Dans la même période, on remarque un contraste saisissant : la fille de Jean‑Marc figure elle aussi sur une liste concurrente, en sixième place. Sur la liste Horizons‑Renaissance menée par Pierre‑Yves Bournazel, Marlène Schiappa incarne une trajectoire politique opposée à celle de son père.
Le clivage familial n’est pas nouveau et s’est déjà exprimé publiquement : en 2018, alors que Marlène occupait le poste de secrétaire d’État chargée de l’égalité, Jean‑Marc avait publié sur Facebook un message critique après qu’elle eut cité une phrase attribuée à Karl Marx pour répondre à la célèbre remarque d’Emmanuel Macron sur "le pognon de dingue" des aides sociales. Ainsi, leurs divergences idéologiques se sont parfois transformées en échanges observés par un public élargi.
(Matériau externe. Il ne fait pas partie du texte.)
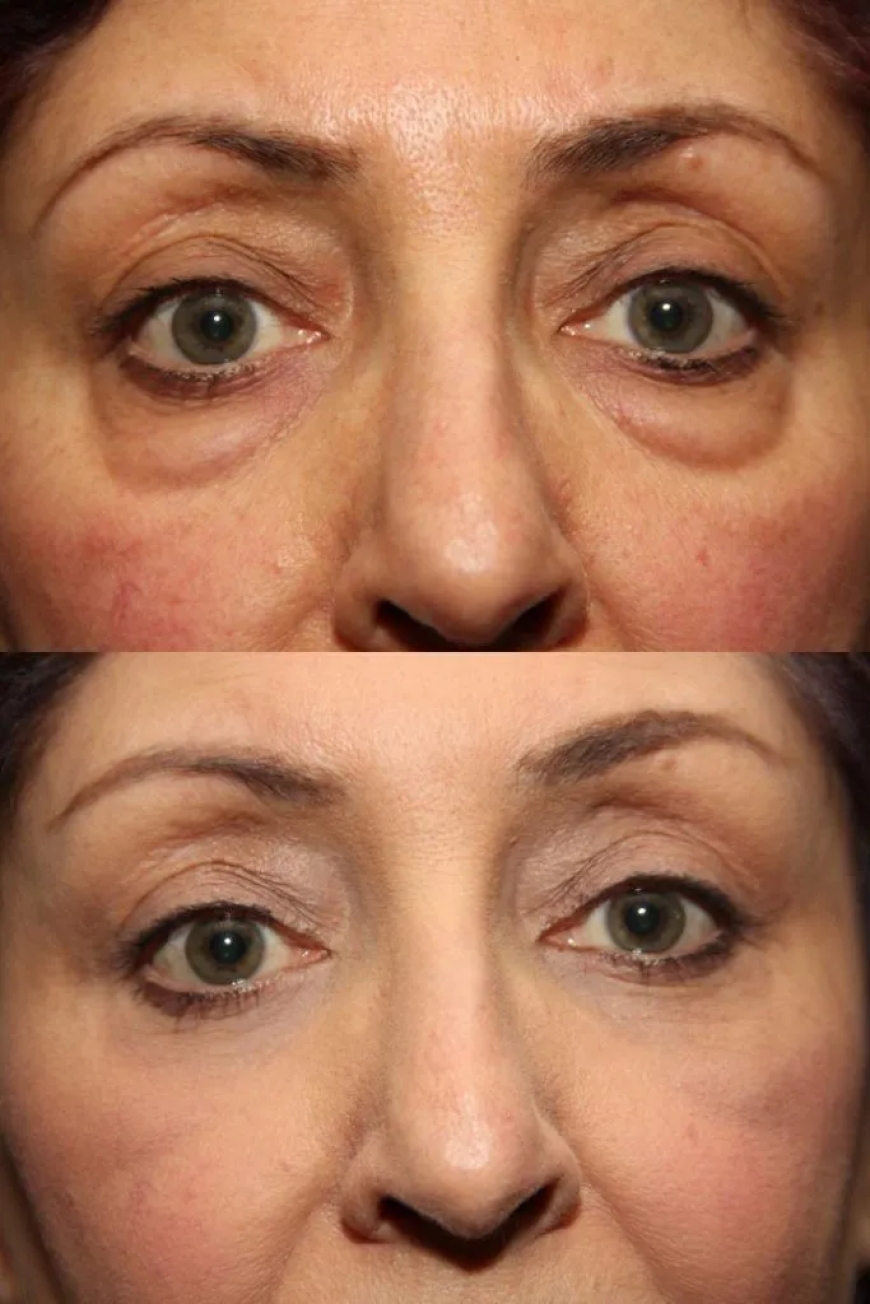 Deciding the Right Time for Blepharoplasty: A Comprehensive Guide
À 70 ans et coresponsable du département d’Histoire à l’Institut La Boétie, Jean‑Marc Schiappa est resté discret et n’a pas souhaité commenter sa présence sur la liste insoumise, préférant laisser la scène politique parler d’elle‑même. Ce choix de réserve contraste avec la visibilité accrue de sa fille sur une autre liste.
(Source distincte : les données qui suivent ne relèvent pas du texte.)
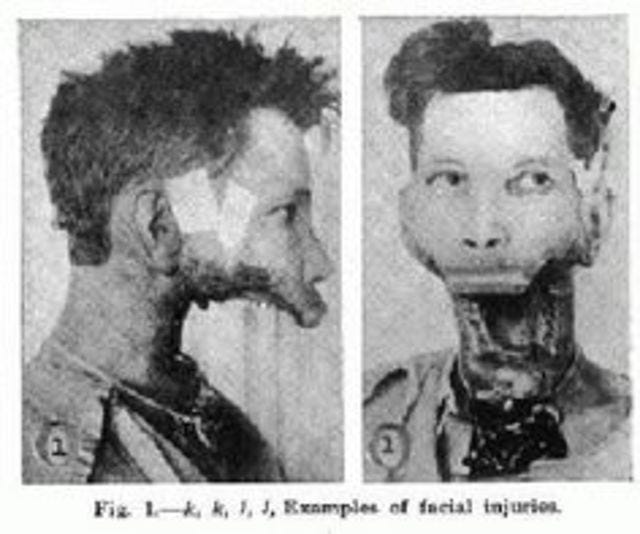 The Jawless Man My Name Is Mia Lanes And I Ll Tell You By Mirella C Santos Medium The Jawless Man My Name Is Mia Lanes And I Ll Tell You By Mirella C Santos Medium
Sa fille, Marlène, assume le désaccord et le replace dans un cadre simple et démocratique : "Heureusement, en démocratie, les filles ne sont pas obligées de voter comme leur père (et vice versa) et j’ai construit mes propres idées et ma propre trajectoire politique. Je n’ai hérité de rien", dit‑elle, ajoutant : "Nous sommes en désaccord politique […], ce qui ne nous empêche pas de nous retrouver en famille pour débattre de politique ou de tout autre chose !"
Cette scène illustre autrement ce que la campagne tente d’expliquer par affiches et programmes : la politique peut traverser les familles sans les briser, devenant parfois un épisode public d’une histoire commune, plutôt qu’un point de rupture irréversible.
En somme, entre ironie électorale et débats de salon, l’affaire Schiappa rappelle qu’un nom partagé ne verrouille ni les convictions ni les liens familiaux.